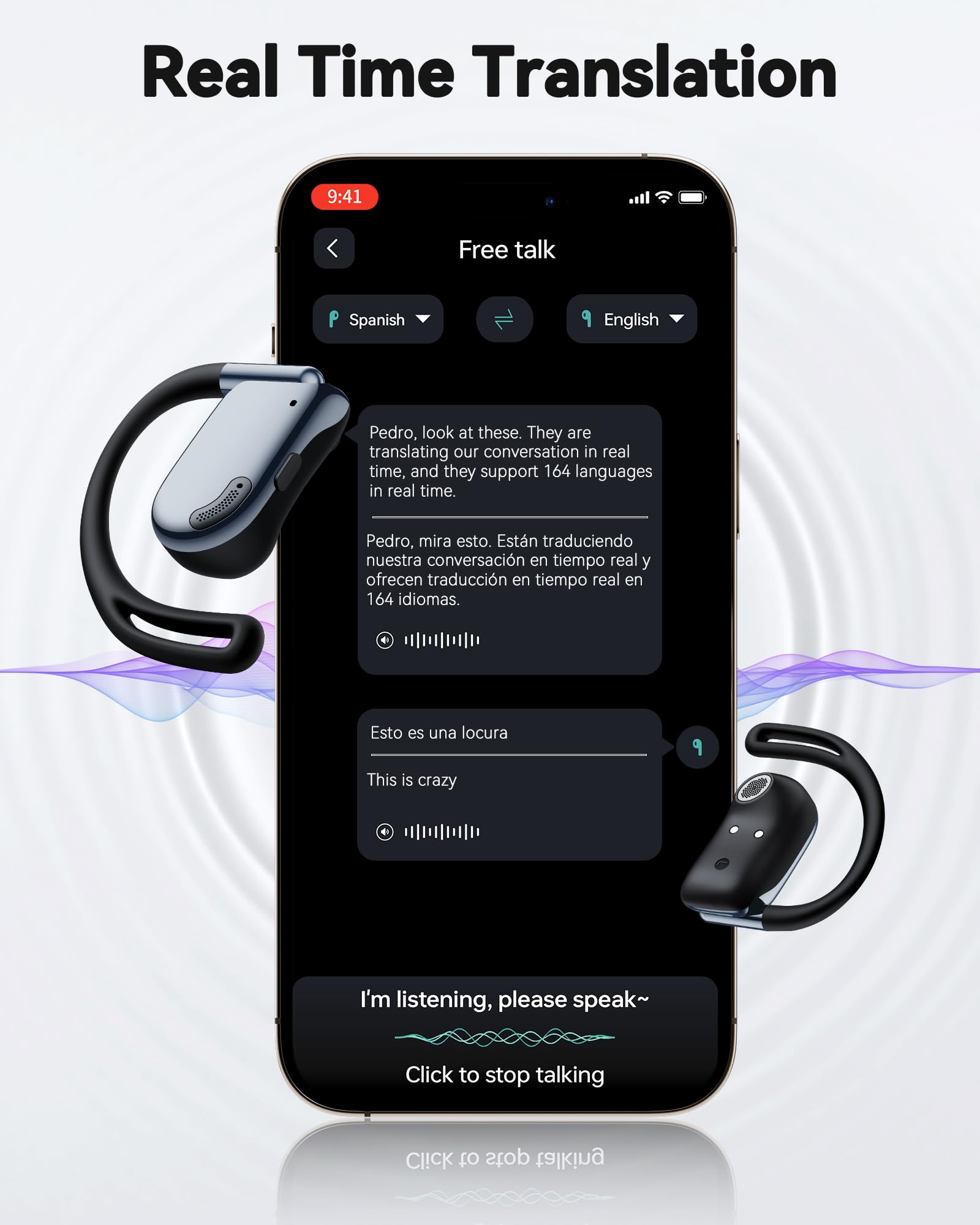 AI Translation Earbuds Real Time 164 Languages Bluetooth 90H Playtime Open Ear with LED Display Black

* * *

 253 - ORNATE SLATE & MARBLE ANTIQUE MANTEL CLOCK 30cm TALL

...

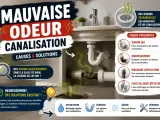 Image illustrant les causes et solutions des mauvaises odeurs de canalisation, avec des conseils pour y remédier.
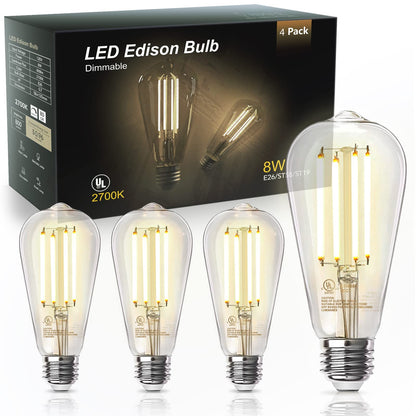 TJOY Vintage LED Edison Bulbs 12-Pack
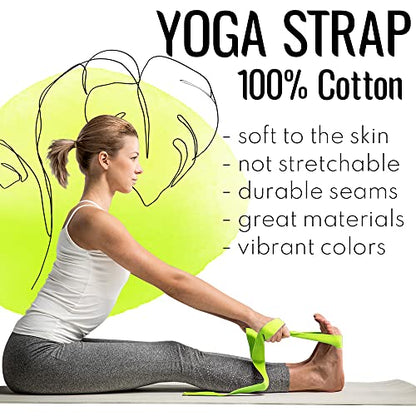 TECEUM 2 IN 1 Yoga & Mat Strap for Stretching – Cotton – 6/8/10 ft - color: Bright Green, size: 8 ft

* Problem *
Exactly reproduce the lines above, starting at the one that contains "Image illustrant les" and ending at the one that contains "TECEUM 2 IN", both inclusive; leave the pictures out and add no other lines.

* Answer to the exercise *
 Image illustrant les causes et solutions des mauvaises odeurs de canalisation, avec des conseils pour y remédier.
 TJOY Vintage LED Edison Bulbs 12-Pack
 TECEUM 2 IN 1 Yoga & Mat Strap for Stretching – Cotton – 6/8/10 ft - color: Bright Green, size: 8 ft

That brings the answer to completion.